## What you should do
In the records below, repeat exactly the lines between the line holding "BP43454 Connecticut License Plate" and the line holding "Rolex,Datejust 31 31mm,31mm,White", inclusive, and drop the pictures.

## Extracted entries
- - - - - - -

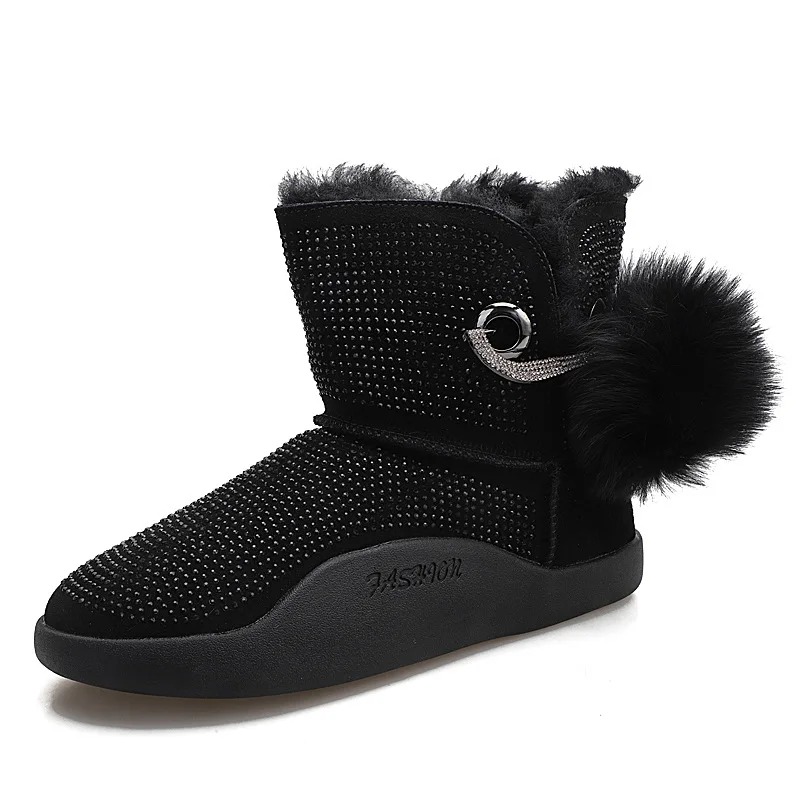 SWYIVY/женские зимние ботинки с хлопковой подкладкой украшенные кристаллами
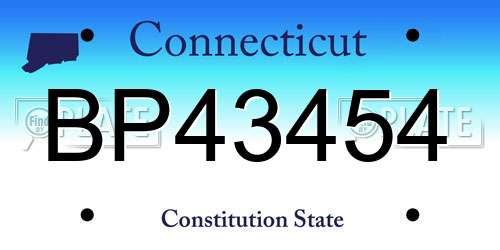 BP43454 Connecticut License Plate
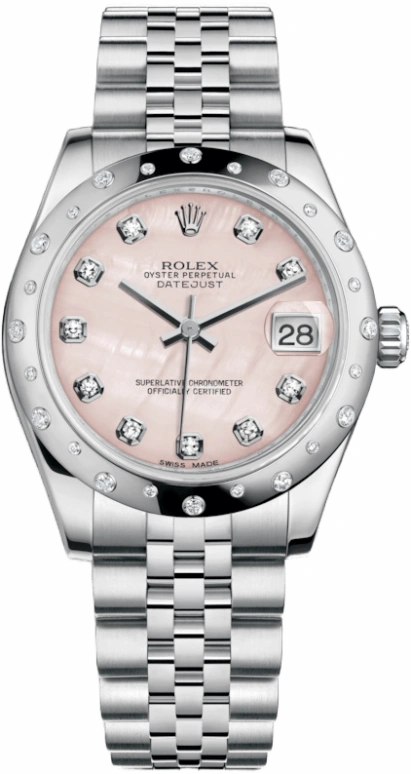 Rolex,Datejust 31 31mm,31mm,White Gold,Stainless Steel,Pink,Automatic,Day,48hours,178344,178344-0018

- - - - - - -

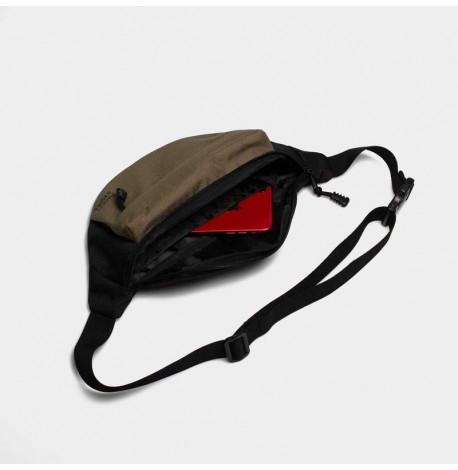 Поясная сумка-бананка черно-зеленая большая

- - - - - - -

## Answer to this exercise
 BP43454 Connecticut License Plate
 Rolex,Datejust 31 31mm,31mm,White Gold,Stainless Steel,Pink,Automatic,Day,48hours,178344,178344-0018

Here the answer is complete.